March 15, 2009

Addressing Depression in Trauma Disorders

Posted in Depression, DID Education, DID/MPD, Dissociative Identity Disorder, mental health, therapy, Therapy and Counseling, Trauma tagged , , , , , , , , , , , , , , , , , , , , , , , , , , , , , , , , , , , , , , , , , at 11:53 am by Kathy Broady


It is no secret that trauma survivors get depressed, and depression is the most commonly known and experienced mental health disorder.

Typical depression symptoms include:

  • Suicidal thoughts, recurring death thoughts, death wishes
  • Suicidal behavior and suicide attempts
  • Self destructive behavior, self injury, self harm
  • Feelings of worthlessness, guilt, self hatred, or not deserving to live
  • Loss of energy, fatigue, excessive sleeping
  • Little or no interest or pleasure in anything or anybody
  • Inability to think, or to concentrate, or to make decisions
  • Significant but unintentional changes in weight loss or weight gain
  • Significant but unintentional changes in appetite
  • For children, not making normal and expected weight gains and physical growth

For trauma survivors, depression can have layered meanings beyond the typical medical symptoms.

Repeated patterned depressions can be very much related to a specific or recurring trauma, or to a significant loss.  For dissociative survivors with DID/MPD, the information detailing the specific loss or trauma may be hidden away or blocked off by dissociative walls.  Someone in your system might know why you are feeling depressed, and they might know what the loss is, but the host / front personalities might not have a clue.

Do you have a pattern of depression occurring at the same time of year each year?

Think back through all the years. Do you have any hints that tell you how far back this pattern goes?  Do you repeatedly feel the need for hospitalization at the same time each year?  Do you find yourself struggling more than usual at the same time each year?  Do you find yourself having thoughts of suicide or self-injury more often at a specific time of year?  Do you know how long this pattern of depression been happening?

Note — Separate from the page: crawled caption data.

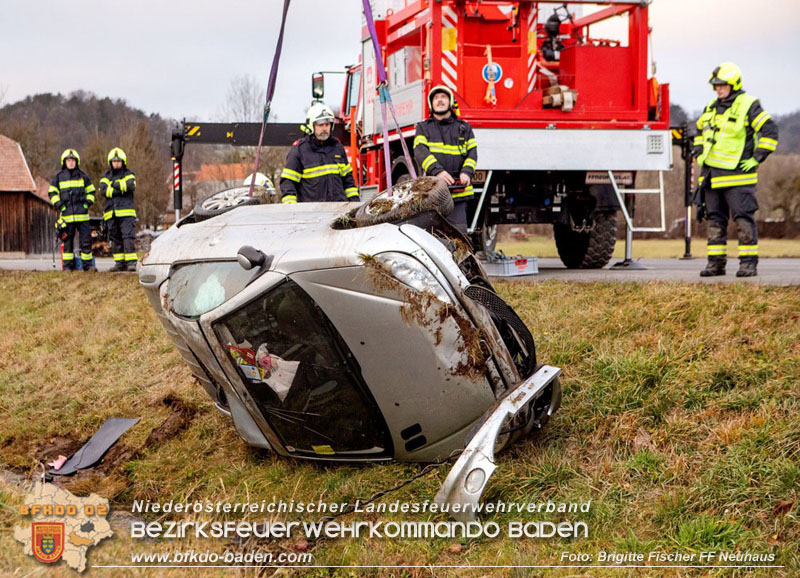 20251222_Verkehrsunfall auf der LB11 zwischen N�stach und Neuhaus Foto: � Brigitte Fischer FF Neuhaus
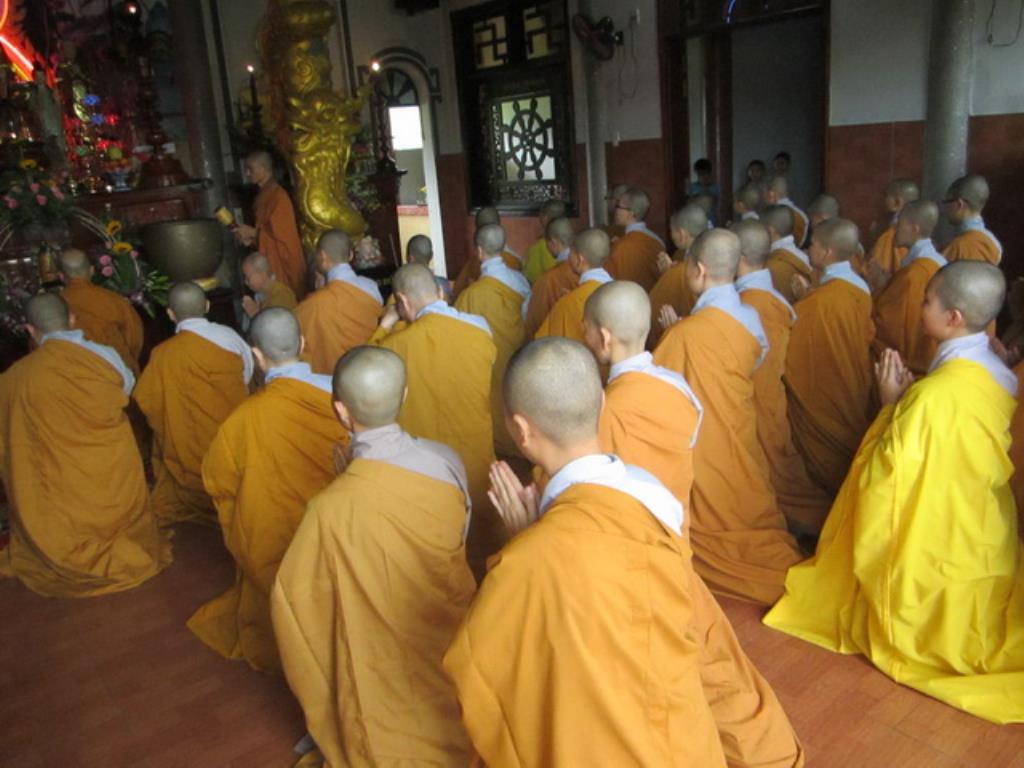 Trang nghiêm lễ húy nhật lần thứ 17 cố ni sư Thích nữ Như Tín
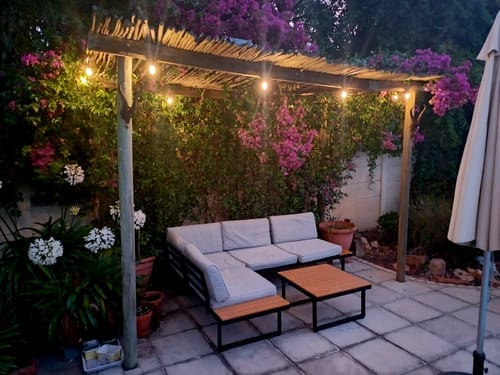 Recensione con foto di un cliente sulle luci a festone a lampadine solari - Lampadine LED tradizionali, nere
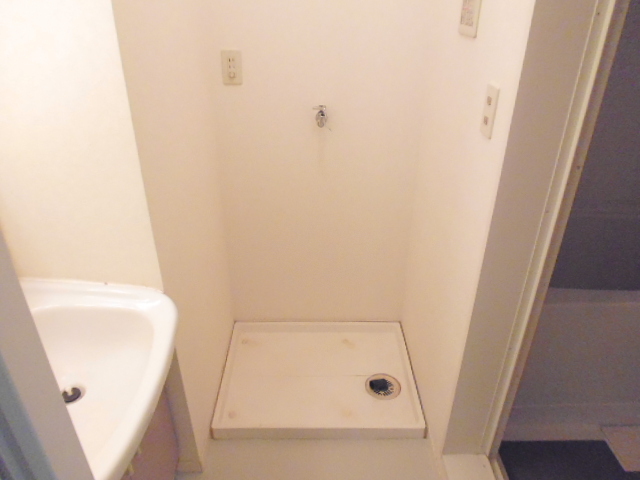 その他　室内洗濯機置き場※同タイプ参考写真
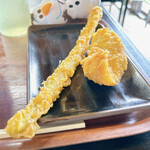 Ayauta Seimen - アスパラ天と、とり天
                      揚げ物も美味しいですよ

If you have Dissociative Identity Disorder, be sure to check inside and to ask your various inside parts what they have noticed as well.  Some of your insiders might have a different awareness of patterns and events than you do.

For repeated patterned depressions, it is important to find the original starting point of this depression pattern.  Once you do, you will get more clues as to what it is about.

My general approach to repeated depressions that follow a pattern is to “assume” that there is a trauma-based reason for it. Unless you have a better explanation, in terms of a bipolar type depression pattern, or a seasonal depression pattern, then quite possibly it is a trauma-based pattern.

Look around inside, ask around inside, to see if there is anyone that knows the depressed time of year to be a particularly bad time for them.  While you are talking with your system, be sure to pay attention to the following ideas:

  • Who inside feels the depression the most?
  • Do you see anyone inside who is showing the depression in the way that they are sitting, standing, laying, not communicating, not being “their usual self”, etc?
  • When you look at your internal system, who is showing / feeling the biggest list of depression symptoms?
  • If you can’t automatically see an internal someone who is depressed, take a broader look at your internal world.  When you walk around your internal landscape, can you find-feel-sense the center of it?
  • Is there a place inside where the depression feels the most intense vs. the generalized depression of everyone (similar to finding the eye of a hurricane).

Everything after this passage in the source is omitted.